> Work to be completed
Each line of the records below that holds "with" should be returned.

──────────────────────────────

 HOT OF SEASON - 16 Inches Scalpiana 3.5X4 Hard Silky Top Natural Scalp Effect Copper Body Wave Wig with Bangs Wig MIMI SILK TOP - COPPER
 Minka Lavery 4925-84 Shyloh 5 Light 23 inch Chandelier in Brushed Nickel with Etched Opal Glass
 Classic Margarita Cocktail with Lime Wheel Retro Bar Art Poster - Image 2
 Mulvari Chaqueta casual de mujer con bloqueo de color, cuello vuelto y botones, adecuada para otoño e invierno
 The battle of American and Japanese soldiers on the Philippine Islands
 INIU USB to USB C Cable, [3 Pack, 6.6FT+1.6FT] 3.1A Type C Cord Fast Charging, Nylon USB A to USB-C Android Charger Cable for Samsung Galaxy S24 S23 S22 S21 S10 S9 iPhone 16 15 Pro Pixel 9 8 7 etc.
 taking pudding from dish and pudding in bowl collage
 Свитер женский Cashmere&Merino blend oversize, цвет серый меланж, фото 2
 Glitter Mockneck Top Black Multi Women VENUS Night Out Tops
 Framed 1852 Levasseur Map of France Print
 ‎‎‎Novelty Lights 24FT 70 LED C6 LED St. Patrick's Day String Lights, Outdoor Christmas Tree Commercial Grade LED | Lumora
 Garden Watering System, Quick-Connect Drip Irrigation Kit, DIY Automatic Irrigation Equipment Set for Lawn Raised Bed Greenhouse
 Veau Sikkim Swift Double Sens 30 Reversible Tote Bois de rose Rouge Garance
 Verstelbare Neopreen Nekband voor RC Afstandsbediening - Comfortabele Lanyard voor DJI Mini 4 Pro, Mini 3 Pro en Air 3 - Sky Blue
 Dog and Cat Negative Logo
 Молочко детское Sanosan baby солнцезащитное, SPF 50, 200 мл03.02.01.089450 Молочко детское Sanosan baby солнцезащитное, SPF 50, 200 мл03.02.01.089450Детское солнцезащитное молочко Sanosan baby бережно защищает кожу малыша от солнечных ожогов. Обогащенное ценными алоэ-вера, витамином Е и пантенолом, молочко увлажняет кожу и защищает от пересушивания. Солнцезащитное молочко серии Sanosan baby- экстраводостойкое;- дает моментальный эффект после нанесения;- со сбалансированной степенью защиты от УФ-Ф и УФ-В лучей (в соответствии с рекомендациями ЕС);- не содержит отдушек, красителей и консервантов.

──────────────────────────────

> Reply
 HOT OF SEASON - 16 Inches Scalpiana 3.5X4 Hard Silky Top Natural Scalp Effect Copper Body Wave Wig with Bangs Wig MIMI SILK TOP - COPPER
 Minka Lavery 4925-84 Shyloh 5 Light 23 inch Chandelier in Brushed Nickel with Etched Opal Glass
 Classic Margarita Cocktail with Lime Wheel Retro Bar Art Poster - Image 2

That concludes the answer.